Johnson City Press, January 2004

Taken from:  The Arts - Reece Museum preserves history, educates with art

By Allison Alfonso
Press Staff Writer

The Carroll Reece Museum has three shows on display through February that reveal the diverse roles it fills as collector, educator and historian.
Robert Miller’s photographic series, including “Death of A Church” and “Heartwood,” are done in silver gelatin print format with a large-format field camera. His printing process, exhibit materials reveal, involves using a process called unsharp masking, which creates a soft, fuzzy negative of the original, and printing it with the original negative. They are then hand-toned.

“Death of A Church” is a stark and touching documentary study of the deteriorating Cannel City (Ky.) Union Church. The first photograph presents a somewhat respectable exterior. The remainder of the series presents dust and dirt-covered pews, floors, windows, peeling paint, building materials, an organ and lights, whose presences speak of the life now missing. The series is not eerie, but haunting.
“Flaking Ceiling” presents a long, aisle view of pews, a collapsing ceiling, a quiet organ and preacher’s pulpit. The long view captures the movement of parishioners toward their seats and the gaze toward the preacher.
“Wall with Three Windows” shows debris and dust revealed in the light coming through windows and concealed in the darkness surrounding them. The vitality outside is portrayed in the trees, bushes and winding road that are shown through the windows.

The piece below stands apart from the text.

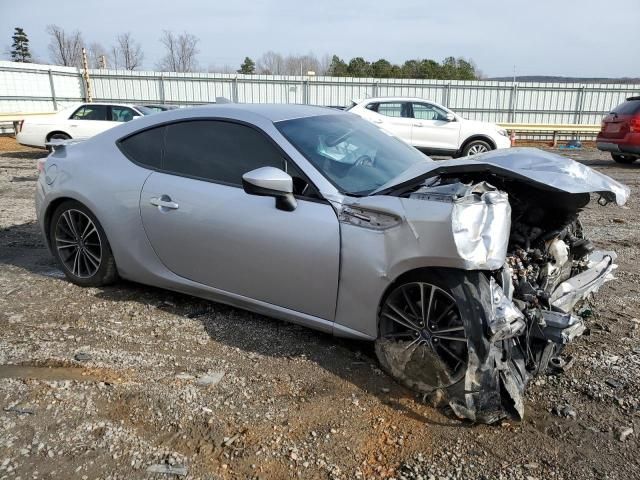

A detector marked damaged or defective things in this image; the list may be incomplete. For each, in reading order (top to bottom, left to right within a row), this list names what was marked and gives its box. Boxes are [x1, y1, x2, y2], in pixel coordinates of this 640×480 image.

The series “Heartwood” is a study of patterns in, and the uses for, wood. These are commanding compositions whose patterns, contrasts and textures demand attention. But they, like Miller’s other works, offer many themes.
“Rusty Outhouse Hinge Cannel City, Kentucky” is a close-up shot of a hinge connecting two pieces of wood. The hinge shines like a jewel. Human ingenuity and creativity are suggested.
“Jagged Barn Wood Cades Cove, Tennessee” portrays layers of rotting wood in whose lined surfaces can be seen initials. It speaks of time, working and history.

It’s a show from which one can’t walk away unmoved.